Nearest International airports to Poltava are-
- Kharkov International airport (81.4 miles / 131.1 kilometres)
- Dnipropetrovsk International airport (89.2 miles / 143.6 kilometres)
- Belgorod International airport (116.3 miles / 187.2 kilometres)
- Kryvyi Rih International airport (123.2 miles / 198.2 kilometres)
- Four railway lines starting west, east, south and southeast from Poltava, connect it with Kyiv, Kharkiv, Lozovaia, and Kremenchug.
- There are two railway stations in Poltava to arrive to — Poltava Southern station and Poltava Kievskaya station. Trains from different cities of Ukraine and Russia (such as Kiev, Kharkiv, Moscow, St. Petersburg etc.) arrive to these stations.
Bus connection with different cities is great, particularly along E40 road (Poltava is midway between Kyiv and Kharkov highway) buses mostly arrive/depart every hour or so. It’ll take you five hours to reach from Kyiv or three hours from Kharkov. Few different carriers on these routes are:
- Avtolux, Günsel bus service, which provides more comfortable buses, and cost a bit more.
- National and various private bus services. Some of them have less comfortable buses (e.g. old Ikarus), for cheaper price. Others are more comfortable, though ticket price is somewhat 20-25% higher. Station charge included in ticket price.
- Shuttle-bus services, which use Mercedes Sprinter or similar. (Don’t confuse them with “marshrutka” which is city transportation). They stay in the middle in terms of passenger’s comfort; however are faster (4½ hours from Kyiv, 2½ hours from Kharkiv).
- Poltava has fine road connection in most directions: west (E40 to Kiev), east (E40 to Kharkiv), southwest (E577 to Kremenchuk), north (to Hadyach), northeast (to Kotel’va and Russian boundary) and southeast (to Krasnograd, connection with E105 Moscow-Kharkiv-Simferopol road).
- Do not go along other minor roads indicated on the map unless you know them (otherwise you may experience bad road quality or get lost somewhere in rural area).
Getting around in the Poltava City
There are 62 bus routes, connecting most districts of the city.
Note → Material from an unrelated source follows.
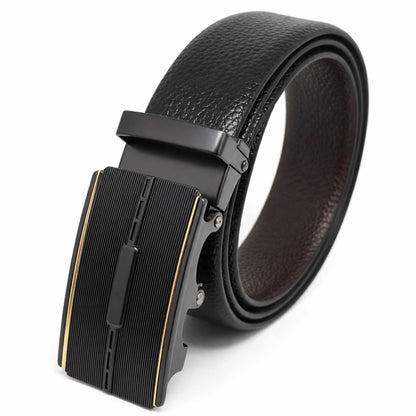 Mens 100% Genuine Leather Belt - LUXORIC Pebble-Grain, VITARO Cross-Hatch Auto-Lock Buckle (Black & Brown Reversible) — Leather Belts for Men | THE MEN THING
Most often it is an optimal way to get around. Bus and marshrutka cost 1.75 hr, no matter how far you go. The difference is that in buses you pay money to conductor and in marshrutkas (small minivans) you pay directly to the driver. Don’t rely on the fact that you can enter/exit marshutka outside from official bus stops: it is sometimes possible, but actually prohibited by law.
- Routes 19, 20, 21 makes good connection round across the city (clockwise and counter clockwise), connecting downtown with main residential districts and the bus station (Avtovokzal). Large buses (Man, Volvo etc.) provide the best service.
There are 11 trolley routes across the city. This is the cheapest kind of transport, however particularly slow and often crowded, sometimes delayed. Ticket costs are paid to a conductor, who will ask you soon after you enter the trolley.
- Route 1 goes directly between two railway stations – Kyivsky & Pivdenny vokzal.
- Route 15 (“Кільцевий”) goes round across the city, connecting downtown with main residential districts and the bus station (Avtovokzal)
It is recommended to order a taxi by phone, not to hire somewhere on the street. This way you’ll be safer, and meet better service and possibly lower price. See for phone number and car number written down on the car – so you can differentiate between taxi service and unlicensed individual. You pay for kilometres, not minutes; however additional costs include waiting time, distant areas.
Most of city transport is operating between 06:00 and 22:00 on major routes, and only until 20:00-21:00 to suburbs. During hours different from this, prefer taxi.
In trolleys, buses and marshrutkas you pay a single fixed price for each trip at each vehicle, no matter how far away you go (within city limits).